Re posted on this thread to make the point kk

The diff failed on John's high powered GTR, However how much of that "power" was transmitted threw the rear diff at the time it let go?

Looking at the logs, he had zero waste gate duty in first gear (reducing power) he launched at 4500rpm (many have done so) his sixty foot time was only 1.6 at best, suggesting the car never really hooked up using and was not using any where near his potential engines power. The inertia wouldn't of been much greater than 1000s of full weight GTRs in the past, John you must try harder Lol 

So why did it shred the splines,inside the diff, and the drive shafts splines were untouched? If he was catapulting off at warp speed say 1.5sec or below,maybe that may have been justification?

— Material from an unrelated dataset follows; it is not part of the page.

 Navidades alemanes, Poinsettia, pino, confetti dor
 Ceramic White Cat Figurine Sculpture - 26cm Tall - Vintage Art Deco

The slow 60ft points to a fault with that diff, I cant understand why OS Giken wouldn't want to work on this and improve there product John and others could test, isn't this an opportunity to move the game forward for all parties concerned

As it stands any R35 trying to better johns launch technique stands a high chance the same will happen.



The diff was purchased in good faith,to hopefully improve from OEM,nothing ventured nothing gained, unfortunately it turned out to be wasted time and money



kk


----------



## Thrust (Jun 8, 2004)

Which OS diff was it?


----------



## johnhanton57 (May 2, 2009)

Thrust said:


> Which OS diff was it?


It's the one made from BUTTER


----------



## PS30-SB (Jun 13, 2003)

johnhanton57 said:


> Great news the Japs ran away and deserted their product


And this is from an "Executive Member" of the GTROC ....?

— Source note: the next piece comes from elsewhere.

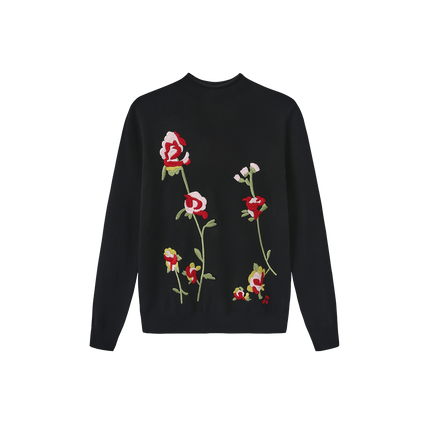 Floral Mock Knit Sweater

You're a total embarrassment.


----------



## Adam Kindness (Jun 22, 2002)

Thrust - X Spec i think


----------



## Thrust (Jun 8, 2004)

Thanks Adam. Just in case none of this has reached OS Giken's ears, I am getting mentally prepared to go and talk to their boss here. 

I don't want to think that this has been spread all over the internet before they have even heard about it. 

And I also don't want to get involved until we know how far up the chain what exactly has been said and to whom. If necessary I can then move.


----------



## enshiu (Aug 20, 2010)

PS30-SB said:


> And this is from an "Executive Member" of the GTROC ....?
> 
> You're a total embarrassment.


Sorry for the failure John and that you didn't got your money back. 

I can't believe a Jap. company does this to you. 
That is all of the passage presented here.